Sacred Objects: Some forges last multiple generations. The good ones, anyway. Pieces of such an aged forge--particularly one used to make a powerful magic item--are sometimes used in community magic.


Ritual Magic

Bread Basket: When you've as many kin as a lucht, magic never hurts. A lucht family may call upon this kinfolk ritual, which makes their food last longer. Baskets of bread or rice never seem to empty, and there's always another fish on the grill. There must always be food to begin with. However, with the lucht's family magic, the plates never run empty. It's said there's always enough to eat at a lucht gathering, and there's some truth to that.

Underwords: When groups of lucht meet they can often share information through a form of double speech. A group of lucht sharing tales is often than it seems. By talking casually, groups of lucht can give the other group an understanding of terrain and challenges they experienced well beyond what their conversation or spoken language itself suggests. For example if two groups talk and one goes on about how good a tavern's beer was in the city down the way the listening group would get a mental picture and understanding of how far away the tavern was, what difficulties to expect on the way and even where said tavern is and looks like in the city.

Sacred Objects: Lucht value well-traveled walking-sticks both for their history and their utility. It's said a well-traveled stick can make the family who owns it more lucky or fortunate.

The most famous lucht walking sticks are crafted from a material called weerwood. Although weerwood has never been shown to have any magic properties, it has long been the favored material for lucht walking sticks. Stories say its good luck and other say its just because of its excellent durability or the simple fact that its braches are low and often grow straight out from the tree, with few sub branches meaning it makes for good walking sticks.
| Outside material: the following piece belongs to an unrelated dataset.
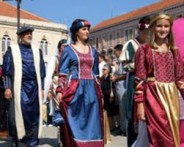 INTERNATIONAL MEDIEVAL FAIR IN ŠIBENIK, SEPTEMBER 2017.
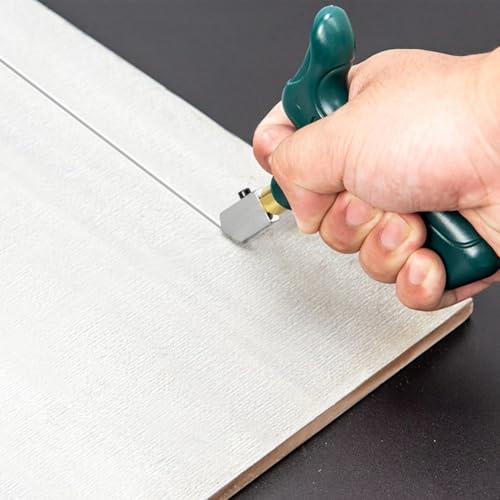 Besttoolifes Fliesen- und Glasschneider-Set mit Schneidkopf aus legiertem Stahl und ergonomischem Griff, manuelle Zange für präzises Schneiden von Fliesen, Glas und Spiegel bei Heimwerker- und von Besttoolifes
Either way, it has carried on as being the traditional material for them, some even saying the Weerwood tree was a gift to lucht from the gods, providing a solid walking stick wherever they traveled.


Ritual Magic

Hui-marata: Through ritual, oruch clans may cast themselves open to the Chaos ether. The act calls forth a Force from Beyond to overtake one of them. By using a member of their clan as a host, this force may speak with and interact with the world temporarily. The Vessel will act differently, and their voice may change--deepening or raising unnaturally to reflect its possessor. In this way, oruch may ask for wisdom from beyond, or weigh the results of potential actions. For a RL counterpart, think voodoun possession by the loa.

This is most commonly used to draw ancestral warriors to the battlefield, or for ceremonious occasions. For such occasions, clans maintain items which are said to resemble the items the essence wore in life--such as a weapon or set of pauldrons. Once a vessel is chosen, their clothing is exchanged for these items.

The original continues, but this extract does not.